Di Indonesia sendiri,  pola budidaya tanaman  Kapulaga ini oleh petani masih bersifat sebagai tanaman sambilan dan belum di budidayakan dalam sekala besar. Mengingat permintaan pasar untuk kapulaga cukup tinggi, dan juga termasuk rempah termahal ketiga setelah saffron dan vanili, sepertinya tanaman Kapulaga ini perlu dikembangkan dan dibudidayakan secara intensif.

Khasiat Herbal Kapulaga


Kapulaga-Kandungan, Khasiat, Dan Cara Mengkonsumsinya
image via freepick

Tanaman Kapulaga memiliki kandungan minyak atsiri didalamnya. Kapulaga mengandung zat sineol, terpineol, dan borneol, protein, gula, lemak, silikat, betakamfer, sebinena, mirkena, mirtenal, karvona, terpinil asetat, dan kersik. Sementara bagian rimpangnya mengandung zat saponin, flavonoida, dan polifenol, di samping juga minyak atsiri.

Selain itu, Kapulaga juga memiliki kandungan, seperti protein, lemak, serat, niasin, vitamin A, vitamin, C, elektrolit, sodium, mineral, kalsium, tembaga, seng, zat besi, magnesium, mangan, dan fosfor.

Kapulaga juga dapat di gunakan dalam pengobatan tradisional seperti untuk mengatasi lemas atau lemah akibat kecapaian, dan penyakit encok atau rematik. Selain itu juga dapat menghilangkan rasa gatal pada tenggorokan, sebagai obat batuk, dan obat sakit perut. Air rebusan batang Kapulaga digunakan sebagai obat menurunkan panas (demam).

Berikut ini adalah beberapa khasiat dan manfaat tanaman Kapulaga untuk kesehatan tubuh, antara lain:

1. Mengurangi Stress

Khasiat kapulaga yang pertama adalah untuk memperbaiki suasana hati dan mengurangi stress. Kandungan zat antidepresan yang terdapat pada Kapulaga dapat di gunakan untuk mengurangi stress. Mengonsumsi dan juga menghirup aroma dari kapulaga dipercaya dapat memberikan efek sedatif atau menenangkan. Dengan mengkonsumsi kapulaga secara rutin dapat membuat mood Anda membaik dan bisa mengurangi serta menghindari stres.

2. Melancarkan Pencernaan

Khasiat kapulaga kedua adalah sangat baik untuk menjaga saluran pencernaan. Kapulaga merupakan salah satu jenis rempah yang memiliki kandungan serat yang tinggi. Dalam setiap sendok Kapulaga terdapat kandungan 2 gr serat. 

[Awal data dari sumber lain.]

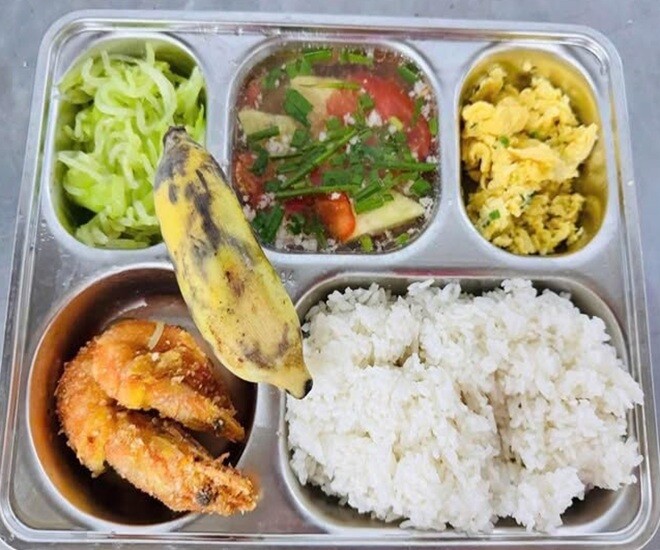 Bữa ăn bán trú dù đa dạng, đầy đủ dinh dưỡng những vẫn tiềm ẩn nguy cơ với trẻ mà đôi khi bố mẹ không hề hay biết. Ảnh minh họa. 
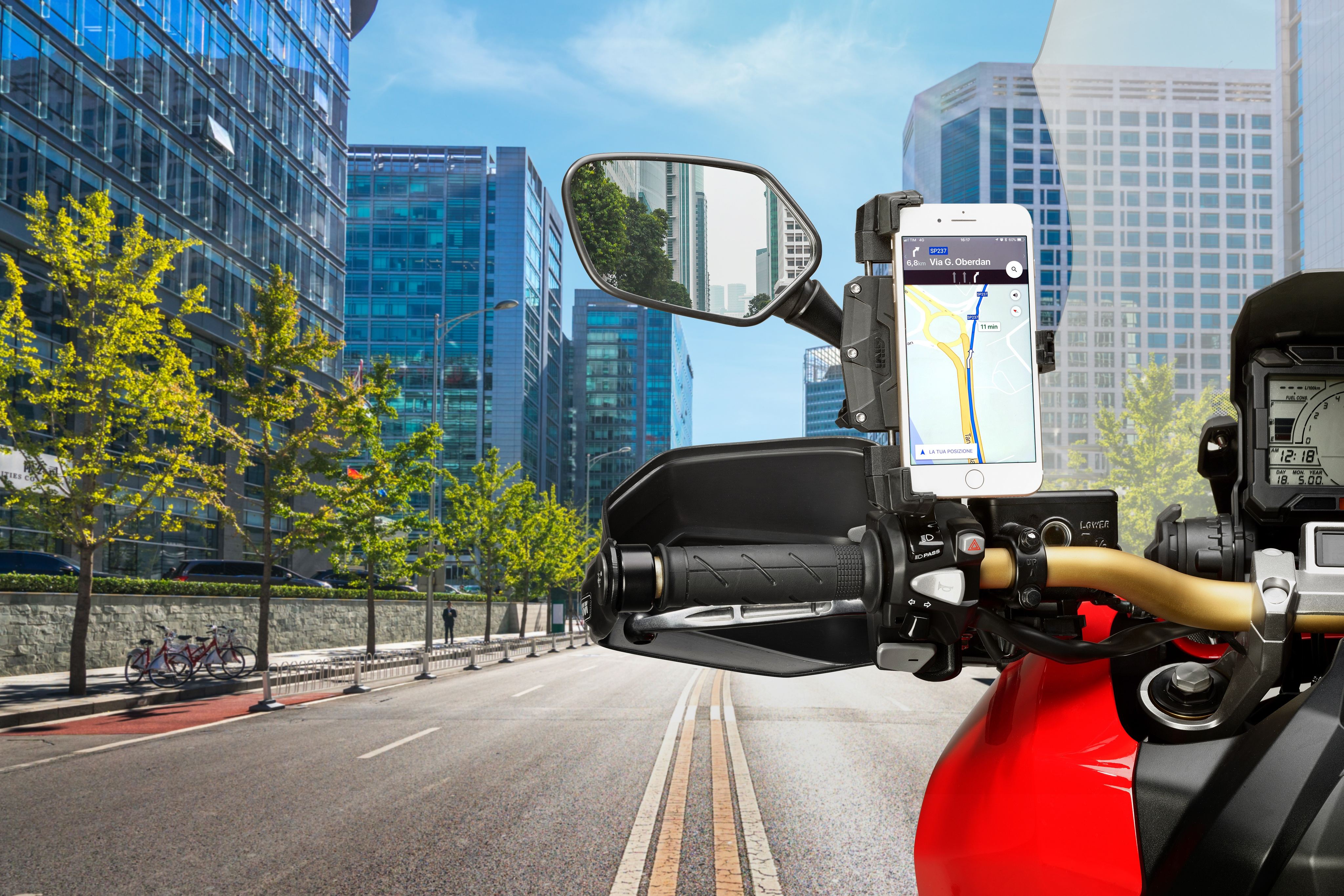 con-givi-lo-smartphone-è-sempre-a-portata-di-mano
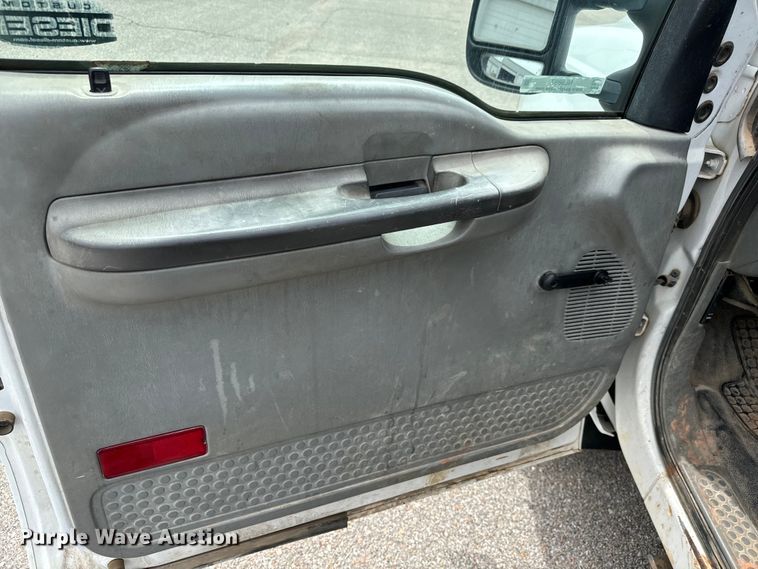 image for item NL9897 2004 Ford F550 flatbed truck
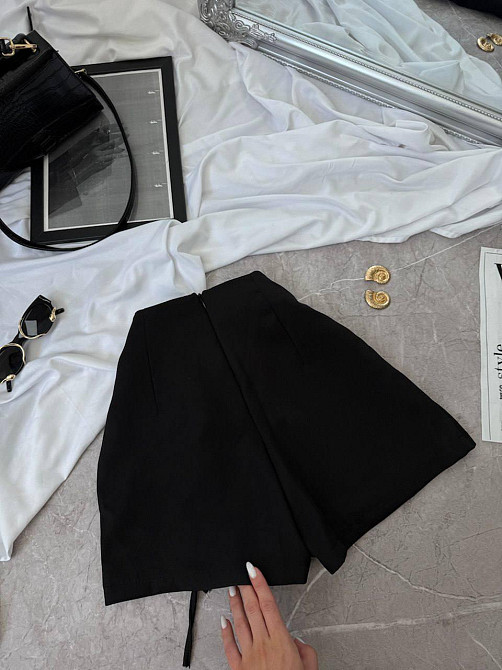 Жіноча міні спідниця-шорти з асиметричним кроєм і боковою шнурівкою костюмка Одеса - фото 10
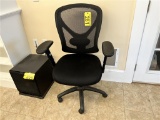 MESH-BACK ADJUSTABLE HEIGHT SWIVEL OFFICE CHAIR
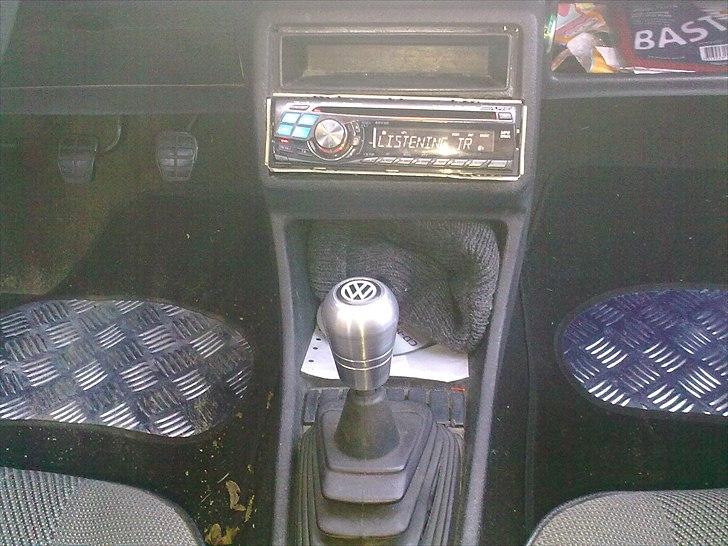 VW Golf 1.3CL Winterwagen SOLGT - den smarte gearknop, og "lækre" thansen gulvmåtter billede 6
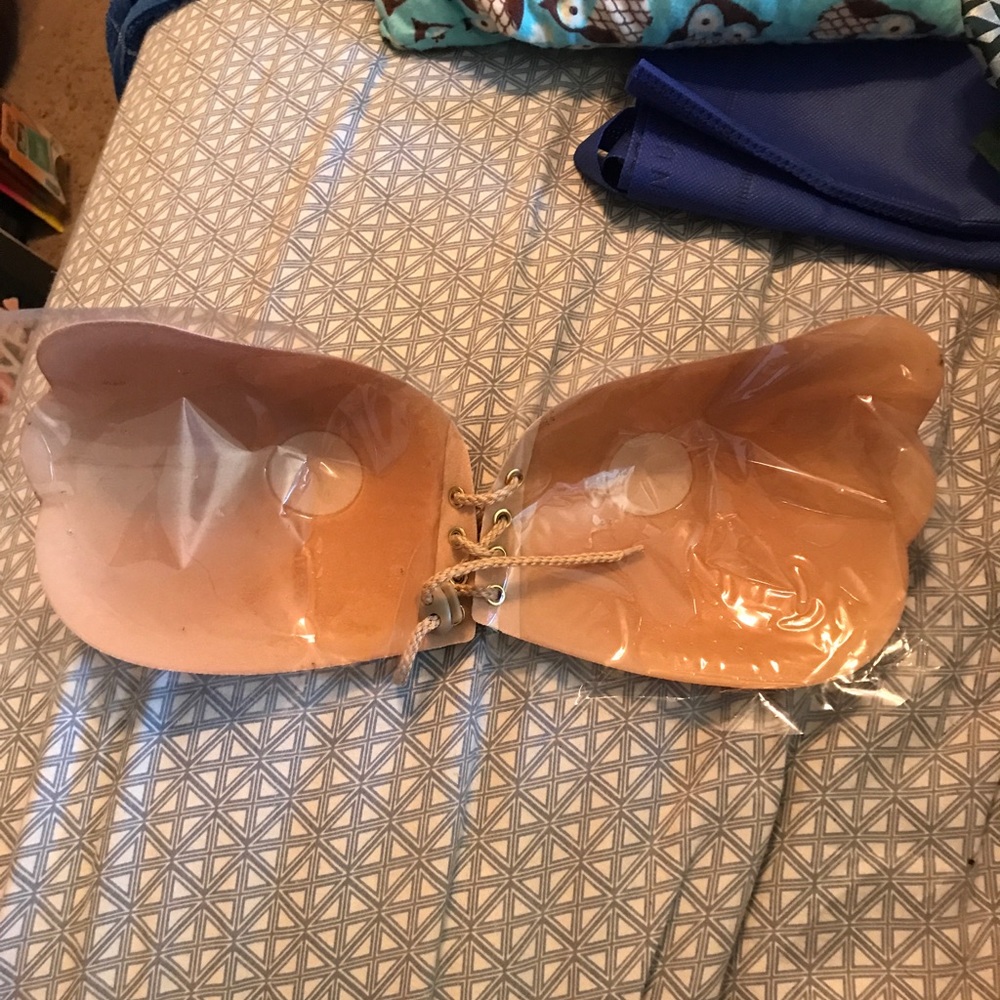 Strapless Bra - image 3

Bebearap jenis penyakit pencernaan yang bisa disembuhkan dengan mengkonsumsi Kapulaga antara lain sembelit atau sulit buang air besar, mengontrol empedu dan asam lambung, mengatasi nyeri perut, mengatasi kejang usus, dan memperbaiki nafsu makan.

3. Mencegah Infeksi

Khasiat yang ketiga adalah menjaga tubuh dari berbagai penyakit akibat infeksi. Kapulaga memiliki sifat antimikroba, sehingga mampu melawan berbagai macam bakteri, virus, dan jamur yang menyebabkan infeksi dan gangguan dalam tubuh. Kapulaga adalah salah satu jenis obat herbal yang ampuh untuk meningkatkan sistem kekebalan dan imunitas tubuh.

4. Obat Nyeri

Khasiat kapulaga yang keempat adalah ampuh dijadikan sebagai obat nyeri. Kapulaga memiliki sifat analgesik yang mampu meredakan rasa nyeri. Selain itu, kapulaga juga memiliki sifat antiinflamasi yang bisa menyembuhkan berbagai macam peradangan yang mejadi penyebab rasa nyeri yang dirasakan oleh kita.

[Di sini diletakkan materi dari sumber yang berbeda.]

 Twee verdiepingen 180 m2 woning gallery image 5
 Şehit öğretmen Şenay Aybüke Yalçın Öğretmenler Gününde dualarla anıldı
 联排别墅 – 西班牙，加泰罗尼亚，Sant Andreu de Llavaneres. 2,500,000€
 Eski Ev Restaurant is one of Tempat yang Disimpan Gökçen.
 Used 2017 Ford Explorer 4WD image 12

Beberapa jenis penyakit yang bisa diatasi oleh kapulaga misalnya sakit gigi, gusi bengkak, sakit kepala, nyeri otot, nyeri sendi, dan sebagainya.

5. Baik Untuk Tulang

Khasiat kapulaga yang kelima adalah untuk menjaga kesehatan tulang. Kapulaga juga mengandung beberapa nutrisi yang dibutuhkan tulang. Diantara nutrisi tersebut adalah vitamin C dan mangan. Zat-zat ini memiliki manfaat untuk menjaga kepadatan tulang dan kesehatan tulang. Hal ini akan menghindarkan Anda dari penyakit osteoporosis.

6. Menjaga Kesehatan Ginjal Dan Saluran Kencing

Kapulaga memiliki sifat diuretik yang bermanfaat untuk menjaga kesehatan ginjal Anda. Kapulaga juga ampuh untuk mencegah penyakit infeksi saluran kemih (sistitis) dan juga peradangan pada ginjal (nefritis). Kesehatan ginjal dan saluran kemih yang terjaga akan membantu Melancarkan sistem ekskresi tubuh.

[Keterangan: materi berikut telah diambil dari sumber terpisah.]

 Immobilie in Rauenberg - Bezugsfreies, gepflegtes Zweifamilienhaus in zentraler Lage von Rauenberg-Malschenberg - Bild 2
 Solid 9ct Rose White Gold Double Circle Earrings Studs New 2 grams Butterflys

7. Mengobati Batuk Dan Pilek

Khasiat kapulaga selanjutnya adalah dapat mengobati batuk dan pilek. Kapulaga bisa memberikan efek menenangkan dan juga membantu mengencerkan dahak. Kapulaga juga mampu untuk memberikan efek hangat sehingga Anda juga bisa terhindar dari kedinginan.

8. Kesehatan Mulut Dan Tenggotokan

Khasiat Kapulaga yang selanjutnya adalah menjaga kesehatan mulut dan tenggorokan. Kapulaga dengan sifat antiinflamasinya juga bisa meredakan gejala seperti sariawan hingga radang tenggorokan. Kapulaga juga dipercaya ampuh untuk meredakan bau nafas tidak sedap dan membuat nafas menjadi lebih segar.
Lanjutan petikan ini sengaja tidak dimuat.